The Delta leader said, 'Marine Six? Scarecrow? You copy?'

Schofield sighed. 'I was at the mission briefing, as well, Delta Vi. And last I noticed, I don't have any short-term memory problems. I know the mission plan.'

'Cut the mental attitude, Scarecrow,' the Delta leader said. His proper name was Hugh Gordon, then naturally his call-sign was 'Flash'. 'We're all on the same squad here.'

'What? Your team?' Schofield said. 'How nigh this: how almost you don't interruption radio silence until y'all've got something important to say. Scarecrow, out.'

Information technology was more important than that. Even a frequency-hopping encrypted radio point could be caught these days, then if you transmitted, you had to assume someone was listening.

Worse, the new French-made Signet-v radio-wave decoder—sold by the French to Russian federation, Islamic republic of iran, North Korea,

Syria and other fine upstanding global citizens—was specifically designed to seek out and locate the American AN/Prc-119 tactical radio when it was broadcasting, the very radio their 4 teams were using today. No-one had all the same thought to ask the French why they had built a locater whose only use was to pinpoint American tactical radios.

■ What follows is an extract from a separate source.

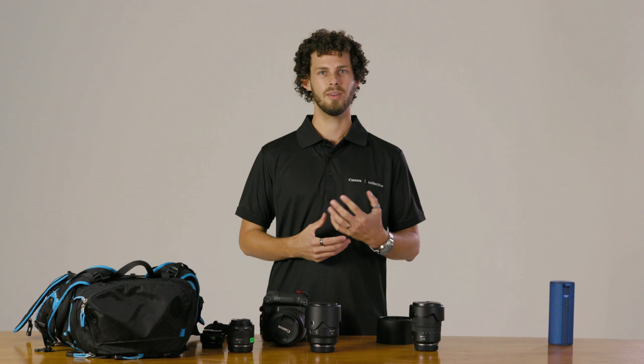Thanks for looking through my portrait kit. Don't forget to check out the website for all the other Unpacked videos.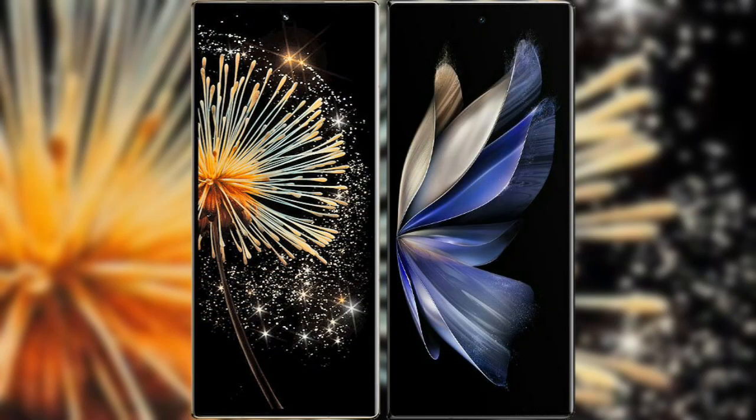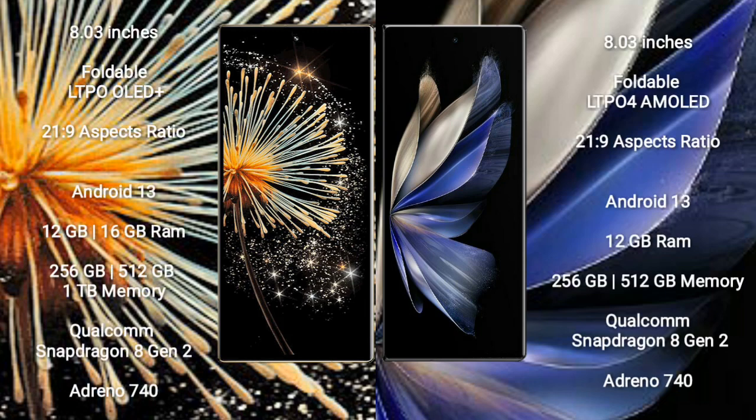I will compare the new Xiaomi Mix Fold 3 with Vivo X Fold 2. Xiaomi Mix Fold 3 comes with an 8-inch foldable LTPO OLED Plus display with aspect ratio 21:9. Vivo X Fold 2 comes with an 8-inch foldable LTPO4 AMOLED display with aspect ratio 21:9.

Schofield switched to his team'southward private aqueduct. 'Marines. Switch off your tac radios. Listening style simply. Go to short-wave UHF if you want to talk to me.'

A few of his Marines hesitated before obeying, just obey they did. They flicked off their radios.

The 4 clusters of parachutists plummeted through the storm toward the earth, zeroing in on the Nimitz, until a thousand feet higher up it, they yanked on their ripcords and their chutes opened.

Their superfast falls were abruptly arrested and they at present floated in toward the carrier. The Delta team landed on the island itself, while the other three teams touched down lightly and gracefully on the flight deck of the supercarrier right in their assigned positions—fore, mid and aft—guns up.

They had merely arrived in Hell.

Rain hammered downward on the flight deck.

Schofield's team landed one later the other, unclipping their chutes before the neat mushroom-shaped canopies had even striking the ground. The chutes were whipped away past the wind, leaving the ten Marines continuing in the slashing rain on the flight deck, holding their MP-7s pointed outwards.

One subsequently the other, they ripped off their facemasks, scanned the deck warily.

Schofield shucked his facemask and donned his signature silver wraparound glasses, masking his eyes. He beheld the deck around them.

The entire flying deck was deserted.

Except for the other teams that had simply landed on it, not a soul could be seen. A few planes saturday parked on the runways, some Tomcats and Hornets, and one chunky CH-53 Super Stallion helicopter.